- [TO DO]:
Only the stretch below from the line holding "Veterans Day Tote" through the line holding "Flynn Power Recliner" should be restated, word for word and with both ends included; pictures stay out.

- [SUPPLIED DATA]:
%%

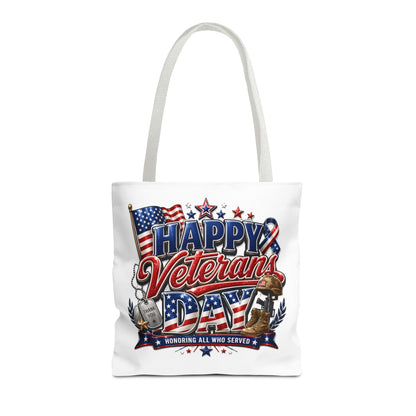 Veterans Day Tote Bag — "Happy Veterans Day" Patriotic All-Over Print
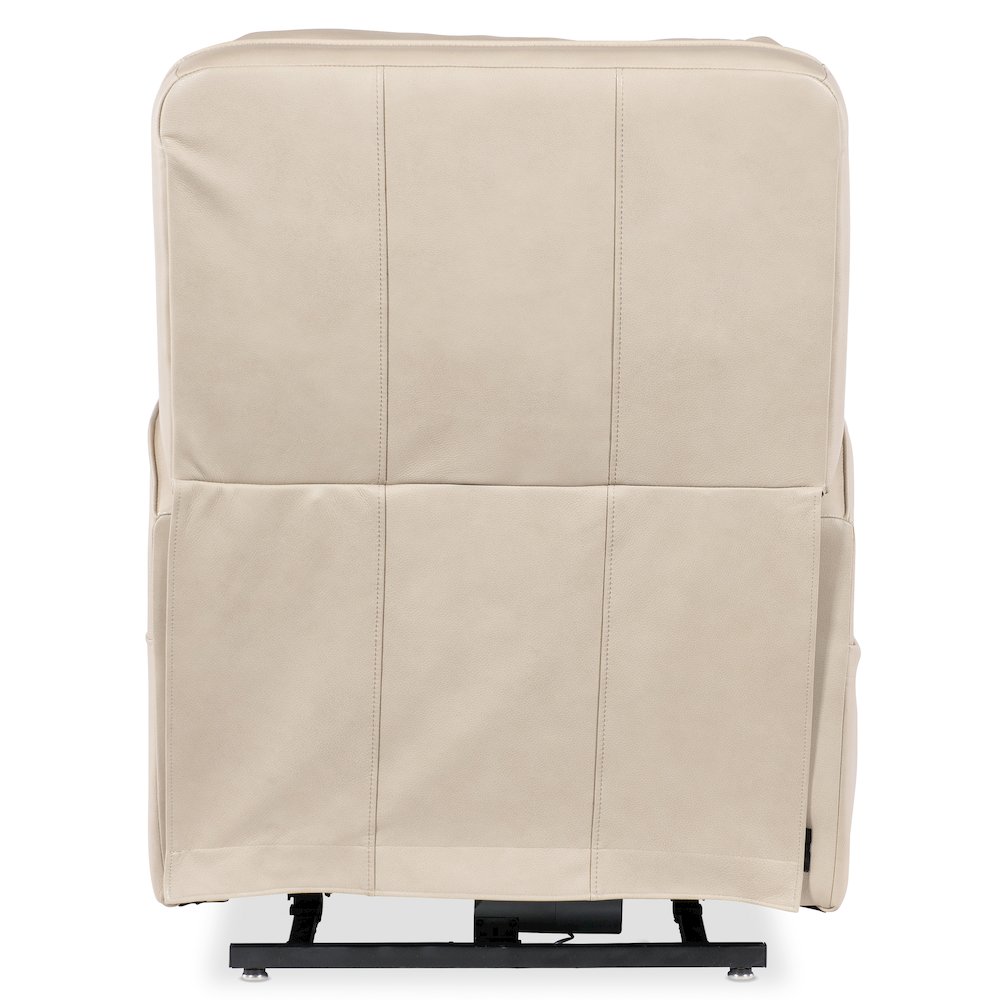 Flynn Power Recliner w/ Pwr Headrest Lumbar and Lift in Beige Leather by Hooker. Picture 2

%%
%%

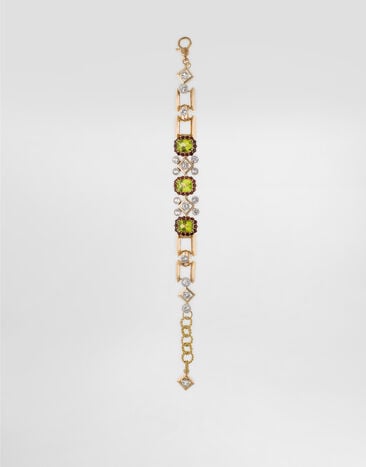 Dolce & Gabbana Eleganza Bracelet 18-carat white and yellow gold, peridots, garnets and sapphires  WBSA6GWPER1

%%

- [SOLUTION TO THIS TASK]:
 Veterans Day Tote Bag — "Happy Veterans Day" Patriotic All-Over Print
 Flynn Power Recliner w/ Pwr Headrest Lumbar and Lift in Beige Leather by Hooker. Picture 2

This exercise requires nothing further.